Deportivo Rayo Cantabria is a Spanish football team based in Santander, in the autonomous community of Cantabria. Founded in 1993 it last played in Tercera División – Group 3, holding home games at the Campo Municipal Mies de Cozada sports ground, which they share with a Segunda Regional football side (Juventud Atlético San Román) and a División de Honor rugby club (Independiente Rugby Club).  Before they played at the Campos de San Juan de Monte''.

History
The original Rayo Cantabria was founded in 1926 as Gimnástica de Miranda, later being renamed Sociedad Deportiva Rayo Cantabria and acting as Racing de Santander's farm team from 1951. The club spent 20 consecutive years in the old Tercera División when it was the third tier of Spanish football, then dropped down the levels, competing for  just one further season at that level (Segunda División B) after restructuring – that was in 1987–88, and they were relegated. In 1993, the original Rayo was dissolved in a national move to formally absorb affiliated teams into the professional clubs' structure, and Racing de Santander B took its place.
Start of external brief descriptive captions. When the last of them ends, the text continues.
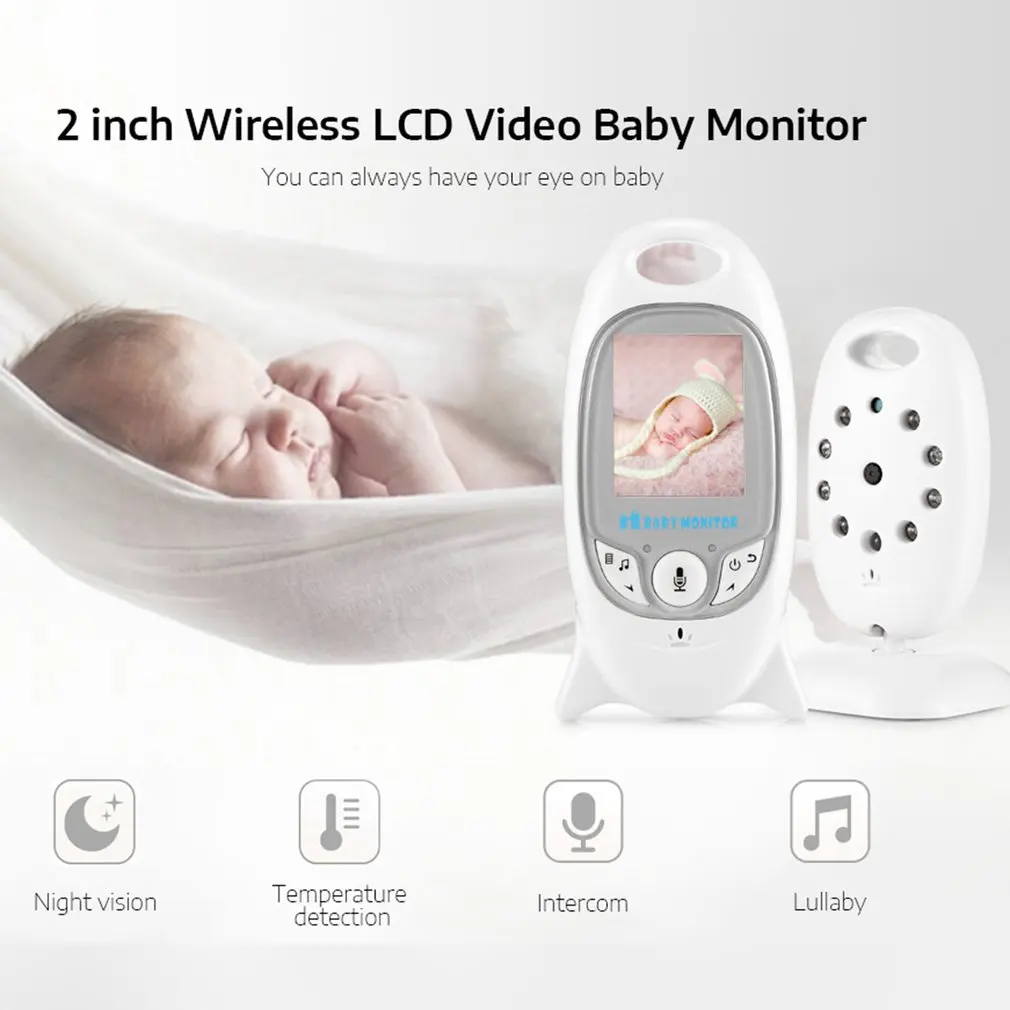 VB601 Wireless Baby Monitor Wifi Camera Remote Surveillance Camera Smart Two-Way Voice Surveillance Camera Infrared Camera
VB601 Wireless Baby Monitor Wifi Camera Remote Surveillance Camera Smart Two-Way Voice Surveillance Camera Infrared Camera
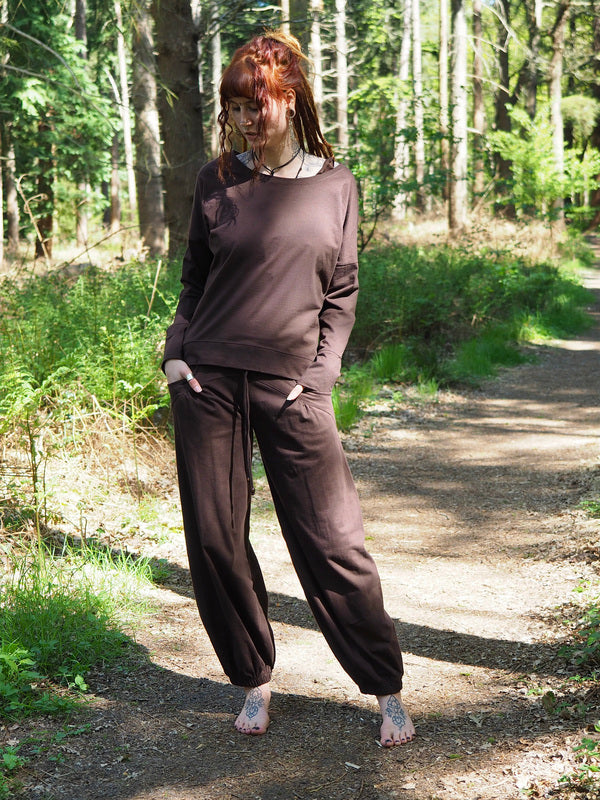 Flow Sweater Bruin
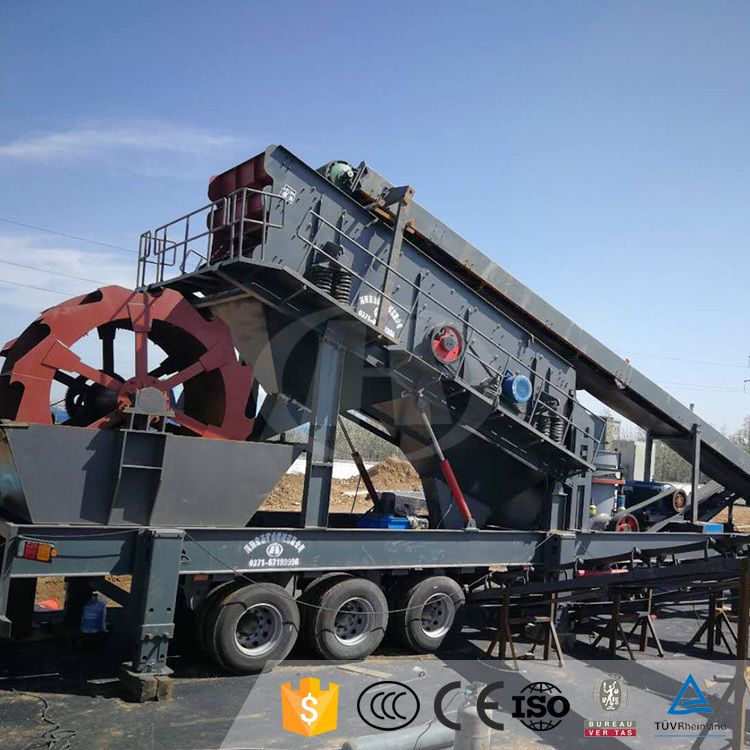 Tracked Iron Ore Mobile Stone Jaw Crusher Primary Crushing Station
The new Deportivo Rayo Cantabria, who started playing as an independent club in the regional leagues from 1993, was also affiliated to Racing four seasons, from 2003–04 to 2006–07. The reformed Rayo have never achieved promotion to Segunda B, although they took part in the promotion playoffs three times (having finished ahead of Racing B in the table each time).

The club was excluded from competing in the 2018–19 Tercera División due to unpaid debts, and did not enter any competitions in 2019–20 either. In their absence, in summer 2019 Racing de Santander successfully applied to have their B-team renamed as Rayo Cantabria going forward.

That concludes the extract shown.